Re: Memcpy and memset - linaro-toolchain

6 Sep 2011

      On Fri, Sep 2, 2011 at 4:51 AM, David Gilbert david.gilbert@linaro.org wrote:
...
Hi Michael,
 I've just committed a pair of memcpy's into src/linaro-a9 - memcpy.S
that is armv7
and memcpy-hybrid.S that is a Neon hybrid which uses neon for non-aligned cases
and for large (128K or larger) copies.   I've also (accidentally)
wired the memcpy-hybrid
one into the Makefile.am (I wasn't sure what the right way to do this
was - the neon_sources
seemed a good place for it, but there is nothing currently in there
that turns off the non-neon
version).
I'd be interested in seeing the results for both; I've got a bit of
a soft spot for the hybrid
solution.
On the memset, yes the 'and' that you added is fine - but I started
having a play and have
some performance results (on -t 128) that I don't really understand:

and r1,#0xff

orr  r1,r1,r1,lsl#8
   orr  r1,r1,r1,lsl#16
That's your solution - and fastest at somewhere around 2270MB/s for
me - by the TRM I reckon
that should be 3 cycles.

lsls r1,#24

orr  r1,r1,r1,lsr#8
   orr  r1,r1,r1,lsr#16
lsl isn't explicitly listed in the TRM, so I assumed that was the
same as a move with a constant
shift, which my reading is that it's a single cycle; and the lsls is 2
bytes - so you would think
that should be as fast as yours but 2 bytes smaller - except it's
reliably down at 2228MB/s - so
it is slower.

Thinking it was an alignment issue I tried adding a mov r5,r1 to

the front of that, and got 2248MB/s -
so being faster with an extra instruction it probably was an alignment issue?

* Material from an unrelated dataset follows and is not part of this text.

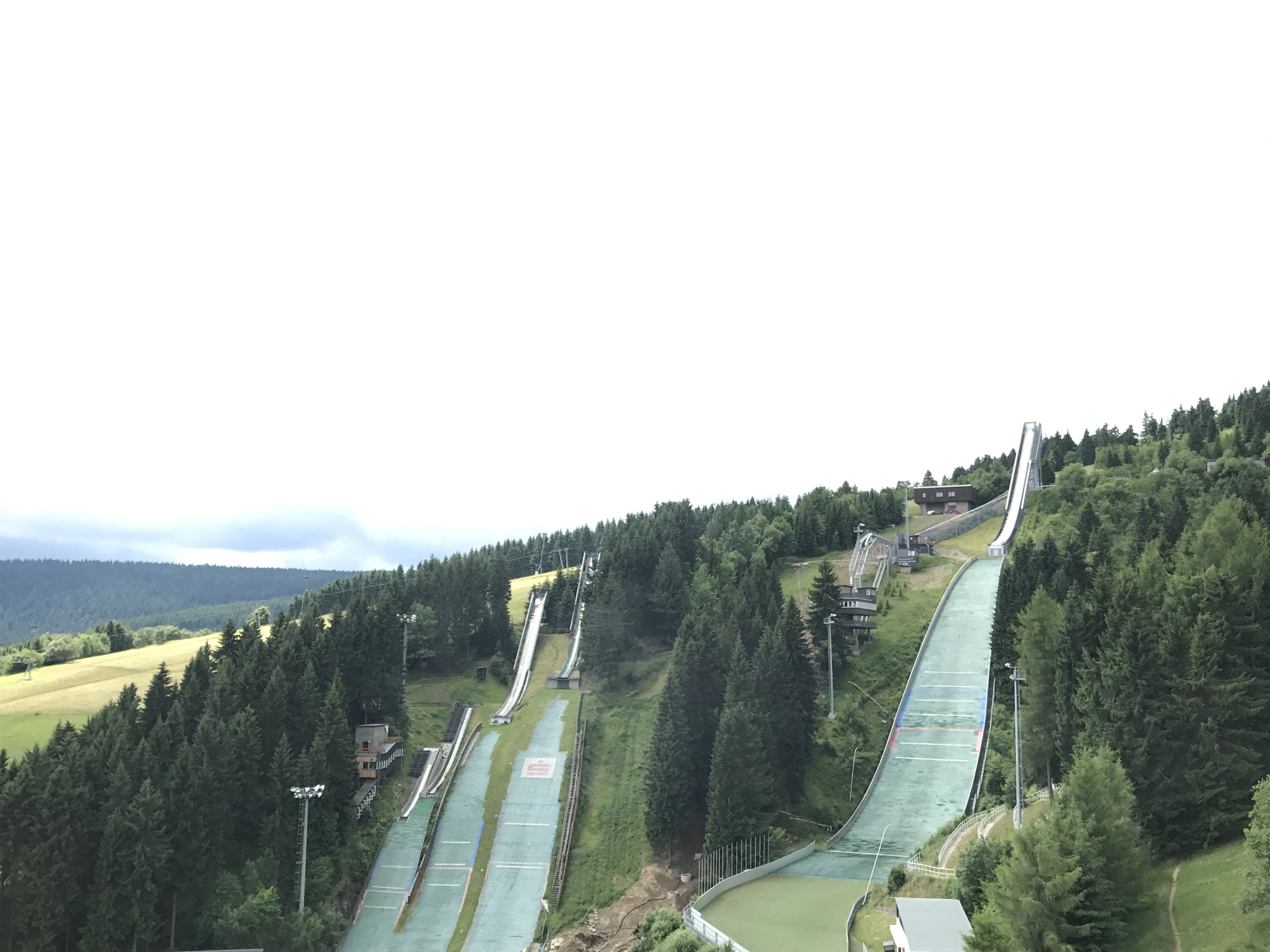 A ski slope with multiple runs, surrounded by dense forest and a distant mountain range.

I also tried a pair of bfi's:

bfi r1,r1, #8, #8
  bfi r1,r1, #16, #16
That came out at 2228MB/s - and is 4 cycles by the book.
Unfortunately you can't tell the performance from the latency.
Attached is a micro benchmark that has the three different versions
(and, ubx, lsl).  After compensating for the loop time, I got:
* lsl: 1.006 s
 * ubx: 0.876 s
 * and: 0.918 s
even though ubx has a latency of two cycles.
I then took the AND version and shifted it to the start of the file.
This small change in alignment pushed it up to 1.048 s which is 14 %
slower.
-- Michael